> [Extracted material]:
---

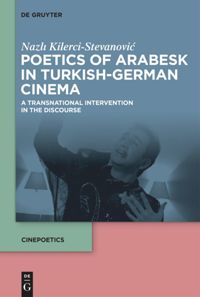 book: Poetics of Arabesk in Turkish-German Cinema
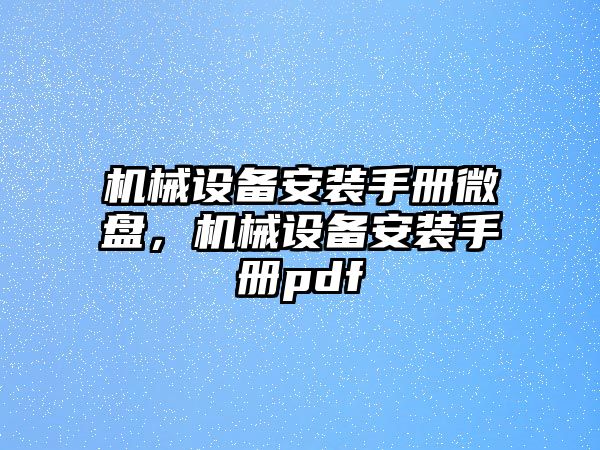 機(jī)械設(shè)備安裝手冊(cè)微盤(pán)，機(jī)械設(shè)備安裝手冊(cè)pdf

---

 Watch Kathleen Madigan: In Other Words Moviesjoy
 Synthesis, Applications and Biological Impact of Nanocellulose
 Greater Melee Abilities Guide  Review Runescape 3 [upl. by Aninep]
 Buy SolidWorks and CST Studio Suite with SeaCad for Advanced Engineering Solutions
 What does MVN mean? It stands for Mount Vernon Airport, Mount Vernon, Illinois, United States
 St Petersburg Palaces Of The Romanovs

---

> [Problem to work on]: Using the data above, extract exactly the lines from the one that holds "Buy SolidWorks and" to the one that holds "St Petersburg Palaces Of The Romanovs", both ends included, and no others.

> [Exercise solution]:
 Buy SolidWorks and CST Studio Suite with SeaCad for Advanced Engineering Solutions
 What does MVN mean? It stands for Mount Vernon Airport, Mount Vernon, Illinois, United States
 St Petersburg Palaces Of The Romanovs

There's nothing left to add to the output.